マモル:今回の裏キャラと言うか、隠れキャラはチャック・ベリーなんです。ちょっとした遊びなんですけどね。
──「3Girls」という曲にはそういう遊び心が盛り込まれている一方、「自分の見たもの 信じるだけさ」とマモルさんの信条がさりげなく歌詞に入っていますよね。「何処までも続く一本の道/迷いたくても道がないんだ」「うまくいくかはどーでもよくて/目の前にあることやるだけさ」と唄われる「ストロング」でも同様に、マモルさんの信条や生き方が程良いバランスで散りばめられていますね。
マモル:自然にね。1年中いろんな所へ旅をしてると、「ストロング」の歌詞にも出てくる「無名の天才達」に会うんですよ。プロでやってる僕でも太刀打ちできないような天才にね。音楽に対してすごくピュアな人もいるし、職人さんみたいな人もいる。田舎に住んでてもやけに楽しそうにしてる人もいる。そういう出会いや旅のなかで発見したことが無意識のうちに歌詞に出てくるんでしょうね。それと、この「ストロング」ってタイトルがふわっとした曲調と全然合ってなくて、くだらなくていいなと思って(笑)。
──パンキッシュかつメロディアスな「ハイエナの声」は本作で唯一の怒気を帯びた曲で、「知ったかぶる評論家」「ぼったくる芸術家」「金がすべてのババァ」「人を殺す権力者」に対して激しい憤りを放っていますね。

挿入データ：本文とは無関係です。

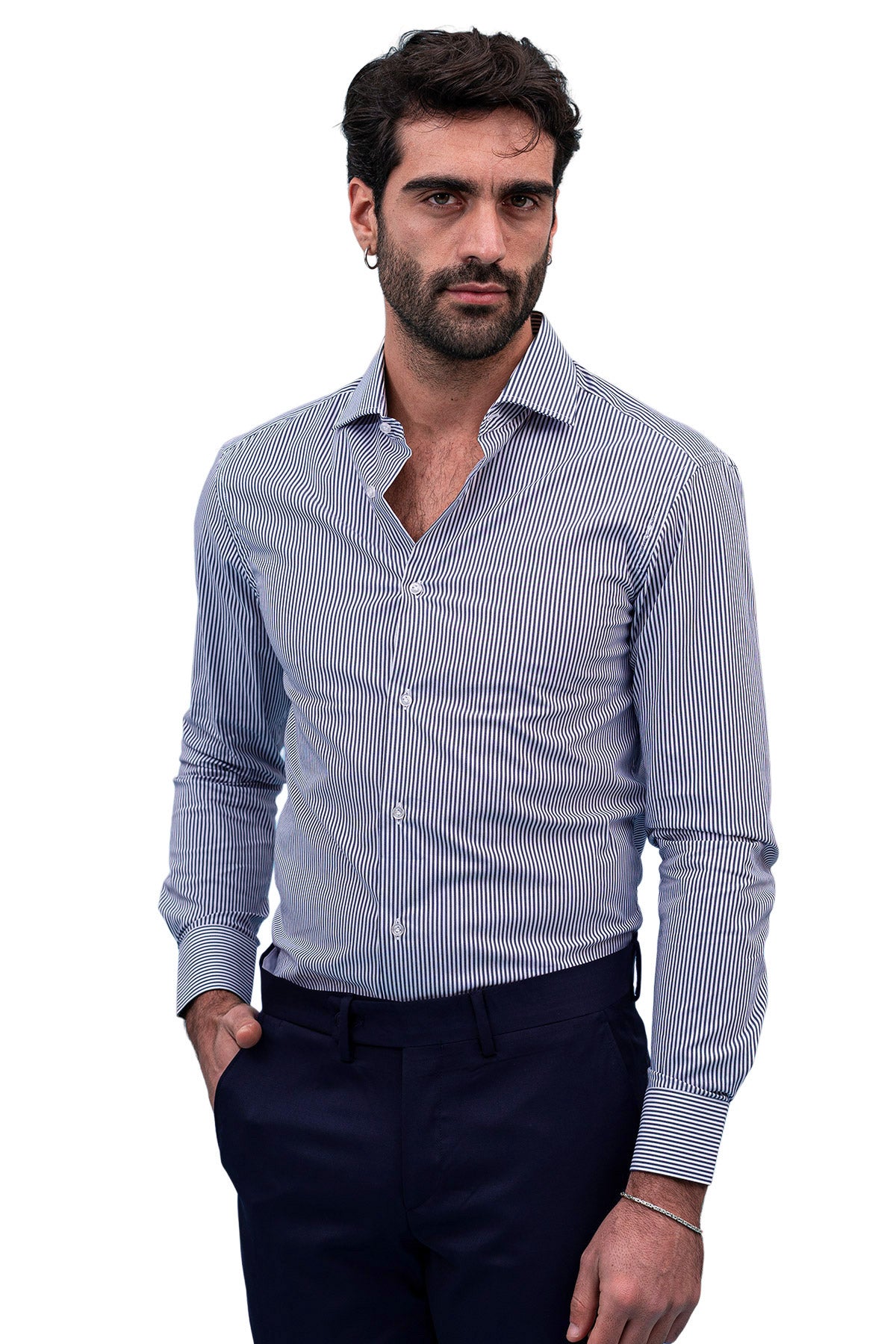 Camicia Uomo righe medie Slim fit cotone Elasticizzata Collo semi francese casual e elegante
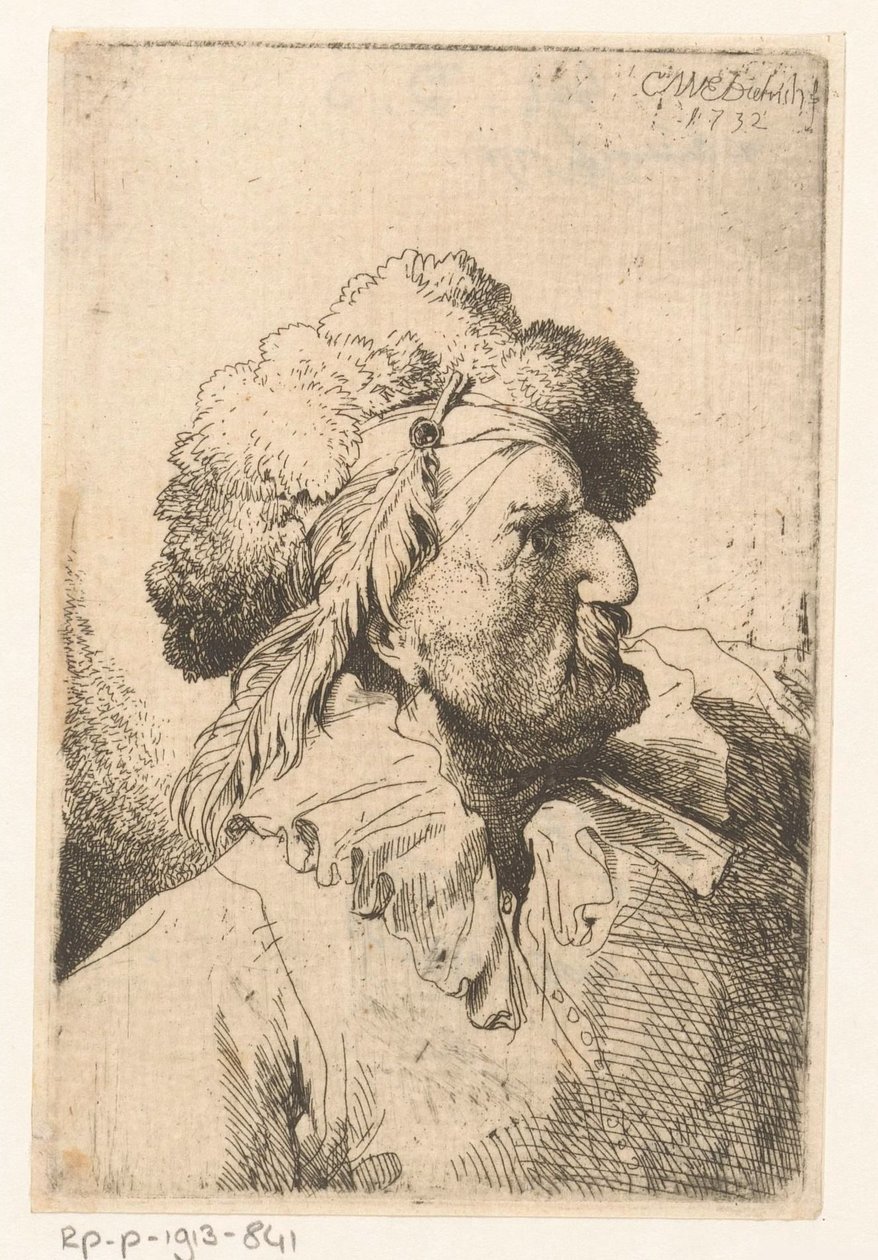 Uomo con cappello di pelliccia e piuma da Christian Wilhelm Ernst Dietrich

マモル:ふざけながらも怒ってますね。1年半くらいのインターバルのなかで悶々としながら歌を作ると、そういう社会的なものは避けて通れないじゃないですか。でもそれをそのまま辛辣な感じで歌にしても僕は楽しくないし、自分なりの表現ができればいいなといつも思ってるんですよ。
──清涼感溢れる「真夜中をぶっとばせ」は、ストーンズの「夜をぶっとばせ」(Let's Spend the Night Together)に対するオマージュのような曲ですね。
マモル:「夜をぶっとばせ」の「パラララパッパッパラーラ」をシャララ…にして最後に唄ってるっていうね。エンディングでそんなコーラスを入れなければ「夜をぶっとばせ」に似たタイトルにもならなかったはずなのに、僕の性格的にそういうのをあえて付け足してしまうんですよ。別にやらなくてもいいようなことを、ついやりたくなっちゃうんですね。それも確か、ライブでやってるうちにそうなっちゃったのかな。新曲発表ツアーっていうのをやっていて、ライブだと知らない曲を面白く伝えたくなるんです。「次は『真夜中をぶっとばせ』という、ローリング・ストーンズとよく似た曲をやります」なんて言って、ウケるためにシャララ…とコーラスを入れたのかもしれない。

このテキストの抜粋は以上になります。